C’est ce qui nous aide à pousser et à pouvoir produire des fruits. C’est ce qui ouvre l’avenir et c’est une deuxième joie, grande elle-aussi. Joie qu’a la vigne de pousser, de fleurir et de donner du fruit. Joie décuplée par le fait d’en être conscient, comme nous pouvons l’être. Cette joie de porter du fruit, ce n’est pas toujours de sauver le monde. Dans la première partie de sa vie, Jésus fabriquait des outils agricoles en bois avec en particulier de bonnes araires, assez réputés, d’après un témoignage ancien. C’est un bon fruit. Jean, lui, était pêcheur de poissons.
Reste une 3ème dimension de joie.
Il est bon et joyeux d’honorer notre genèse passée, individuelle et collective. Il est bon et joyeux de porter du fruit quand l’occasion se présente, et de passer ainsi au futur. Seulement, c’est infiniment meilleur quand cette créativité s’inscrit dans un projet constructif qui opère un tri, à l’image du Dieu vigneron que nous présente Jésus, avec cet amour qui s’occupe de nous avec les tendres soins et la patience comme d’un vigneron pour sa vigne. C’est comme un jugement salutaire à recevoir de Dieu dans ce temps présent. Afin de privilégier en nous ce qui va dans le sens du meilleur, c’est à dire l’amour (ἀγάπη), l’amour au sens du service de la vie et de l’épanouissement de l’autre.
Cet amour-là fait partie de notre expérience, il est discerné par la première joie, reconnaissant dans notre histoire et dans l’histoire du monde combien cette façon de faire le bien d’un autre est source de vie. Chaque geste de cette qualité d’amour soigne un petit sarment, et en même temps renforce la vigne entière par l’attachement des différents sarments.
Cet amour nous vient ainsi comme de la sève, venant de la vraie vigne, celle du Christ. Elle nous vient de l’action de l’amour de Dieu en nous, soignant le meilleur de nous-même.
La troisième joie, celle qui complète notre joie, c’est cette visée que nous propose ici Jésus : celle d’aimer comme nous le pourrons et de nous laisser aimer avec simplicité quand cela nous est donné.

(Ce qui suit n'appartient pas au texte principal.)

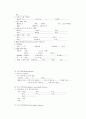 케이스(portine hemorrhage)-18쪽 6페이지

Ce n’est pas si naturel pour nous, car nous sommes à la fois, indissociablement corps et esprit. En ce qui concerne cette expérience de ce qui nous fait du bien, il y a le plaisir du corps, c’est exact. Cela fait certainement partie de la 1ère joie, celle d’être un vivant parmi les vivants. Sauf que quand on prend le plaisir comme but, comme visée à ultime, c’est une catastrophe. C’est ce que j’essayais d’expliquer la semaine dernière à un adolescent me demandant ce que je pensais de sa philosophie de vie : « En fait, je veux juste être heureux dans ma vie, et pour cela je veux agir en profitant à fond, en faisant tout ce que j’ai envie de faire. » Il s’angoissait de ce que pouvait penser Dieu de cette philosophie de vie, si cela ne compromettait pas son avenir et son bonheur dans la vie éternelle. J’ai essayé de lui expliquer d’abord que Dieu ne veut que notre bonheur et notre joie, et que Dieu n’a rien contre le fait que nous prenions du plaisir dans la vie, que cela fait partie des bénédictions que Dieu nous donne par grâce. J‘ai essayé ensuite d’expliquer à ce jeune homme que néanmoins, le bonheur en cette vie n’est certainement pas de prendre le plaisir comme but de sa vie. La recherche du plaisir devient alors pour nous comme un tyran sanguinaire, alors que le plaisir est une bénédiction quand il est reçu par surprise.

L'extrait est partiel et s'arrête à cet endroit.